What is Sudden Cardiac Arrest?

Cardiac arrest, also called cardiac arrest, means that your heart suddenly stops beating. This cuts off blood flow to the brain and other organs. It is an emergency and can be fatal if not treated immediately. 112 should be called immediately

SYMPTOMS

Cardiac arrest is rapid and severe: you lose consciousness, have no pulse and cannot breathe. Just before it happens, there may be a feeling of tiredness, dizziness, weakness, shortness of breath. You may faint or have chest pain. But these are not always necessary. Cardiac arrest can happen without any warning signs.

WHAT’S HAPPENING?

Your heart has an electrical system that keeps it beating regularly. The heart may stop if the electrical signals turn into a rhythm that is chaotic or causes the heart to beat too fast. There are different types of arrhythmias and most are not dangerous. One, called ventricular fibrillation, is the most common cause of cardiac arrest. In this condition, the heart cannot pump enough blood to your body. In a few minutes, your life can be over.

HEART DISEASE

Many people with cardiac arrest have coronary artery disease. Having coronary artery disease means less blood flows to your heart. This can lead to a heart attack that damages your heart’s electrical system.

OTHER REASONS

Cardiac arrest can also happen for other reasons:

Severe blood loss or severe lack of oxygen

Intense exercise when you have a heart problem

Very high potassium or magnesium levels, which can lead to a fatal heart rhythm

Some genetically inherited rhythm disorders

Disruption of the structure of your heart.
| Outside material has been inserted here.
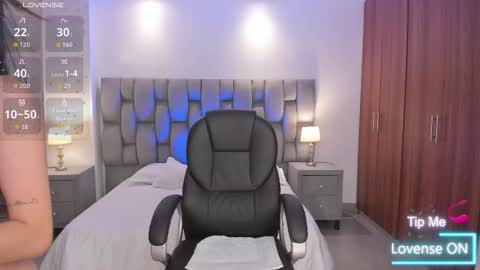  Saritaaa  online show from 03.04.26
For example, an enlarged heart or changes caused by an infection.

NOT A HEART ATTACK

A heart attack is damage to the heart tissue as a result of blocked blood flow. Cardiac arrest does not occur in every heart attack. In addition, if the damage is great in a heart attack, cardiac arrest may occur months or even years after the attack.

WHO ARE AT RISK?

If you have coronary artery disease (This is the biggest risk.)

Male

if you have ever had arrhythmia or cardiac arrest, or if it has been in your family

Smoking or drug use

If you have had one or more heart attacks and the damage is extensive

If you have diabetes, high blood pressure or heart failure

If there is obesity

TREATMENT

If you experience sudden cardiac arrest, you need immediate treatment with a defibrillator, a machine that cuts off the chaotic rhythm by electrocuting the heart. This shock can sometimes cause your heart to beat normally again. But for it to work, it must be done within the first few minutes. First responders such as police, firefighters, and paramedics often have a defibrillator and know how to use it. In some public places, there is a type of automatic rhythm control machine called the AED that anyone can use.

AT HOSPITAL

The patient is followed closely in the intensive care unit. An attempt is made to find out what is causing your cardiac arrest and to treat the problem. If you have coronary artery disease, a procedure called angioplasty may be performed to open narrowed or blocked arteries in your heart. In addition, lifestyle changes and medications are recommended to reduce the risk of recurrence of the event.

SHOCK DEVICE (ICD)

This device is a small automatic defibrillator that a doctor can place under your skin to send an electric shock to your heart if he finds an irregular heartbeat. Your doctor may recommend this procedure if you have a serious heart condition or have had cardiac arrest before.